Sunday, December 4, 2011

Decorations for the Darkness

The neighborhood is bursting with Christmas decorations to provide light during the night.

The decorations are nice to look at--although the one house that always over does the decorating has not yet joined the fray. They tend to make it seem a bit gaudy and detract from the season.

Although we tend toward the simpler approach, many of the houses are now sporting the inflatable trees or snowmen--I'm not sure I appreciate those decorations as much as the people who install them do.

And the LED lights--wow, they still seem to be from an alien planet to me with their other world illumination. I much prefer the softer glow of the incandescent bulbs--which soon will be sold no longer, I am told.
Christmas Decorations
to Drive Away the Darkness

What seems to be missing more and more from the decorations. though, is a reference to the real meaning of Christmas. More and more the decorations seem to be advancing the idea of snow men and Santa Claus at the expense of the one who was the first gift.

I love the scene from The Polar Express when Santa holds his hand high above his head and announces the first gift of Christmas--which was a simple reindeer bell. That bell turns out to hold the magic of Christmas in its ring, which adults and many children cannot hear because they do not believe.

It is similar to when the angels announced the birth of the savior of the world two thousand years ago--a newborn baby boy in a garage in a backwater part of the world called Bethlehem.
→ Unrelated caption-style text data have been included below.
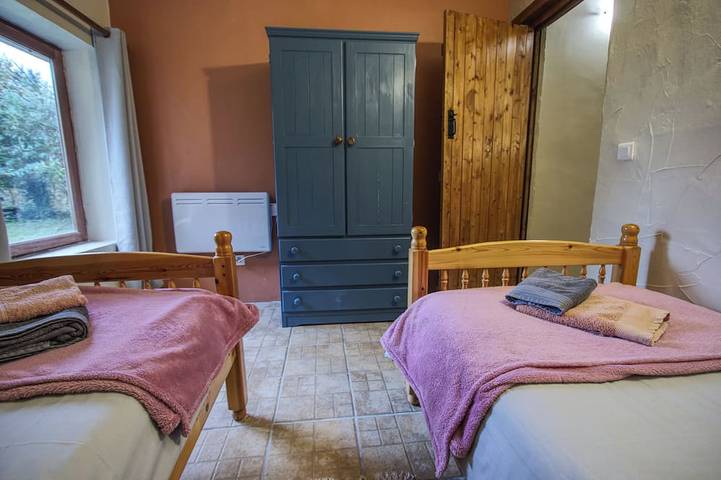 Gîte pour 8 personnes, avec piscine et jardin à Lacapelle-Biron - 2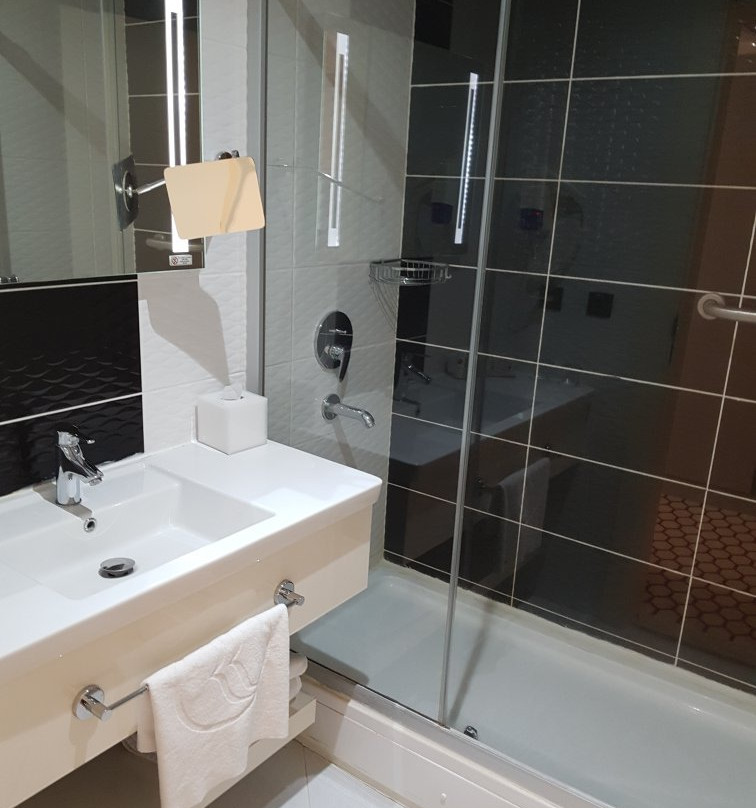 Ramada by Wyndham Soma主图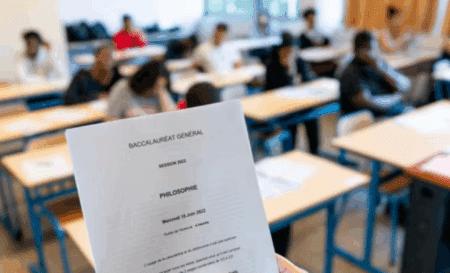 Econostrum.info Baccalauréat
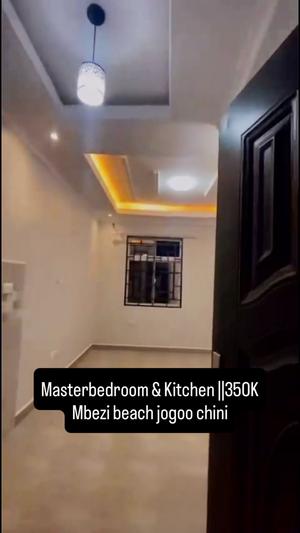 Apartment inapangishwa Mbezi Beach Jogoo, Dar Es Salaam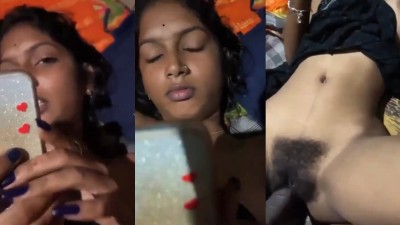 Tamil 19yr College Teen Girl Fucking Sex Online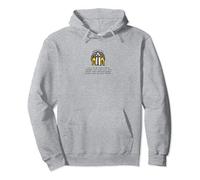 Jeremiah 33:3, Bible Verse, Christian Scripture, Holy Spirit Pullover Hoodie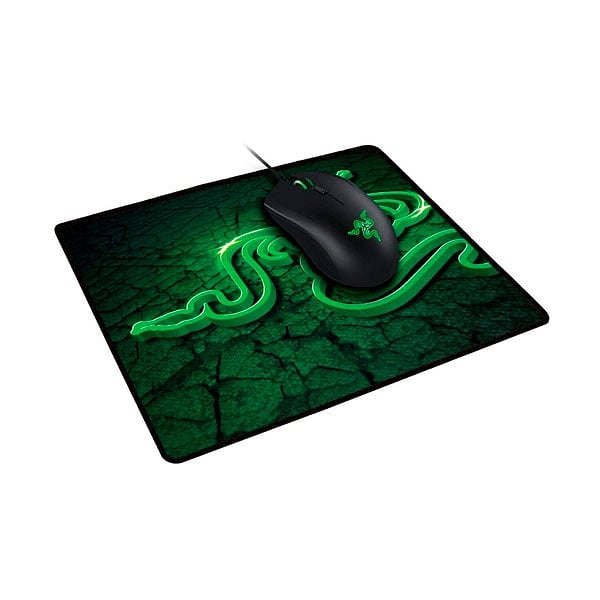 Razer Goliathus Control Fissure M  ALfombrilla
Didn't seem like much of at the time. But,  much like the bell, the people who cannot or will not believe that our God came to earth for them miss the point of the event--and likewise the season. Those of us who recognize the importance of the event continue to marvel at the simplicity and majesty of the plan to save the world from itself.

The first gift of Christmas, given in a barn so long ago, is the reason we celebrate the season. He is the reason to decorate and drive away the forces of the darkness which grow stronger--just for this season. We are children of the light--and we need to proclaim the light to those who are in darkness.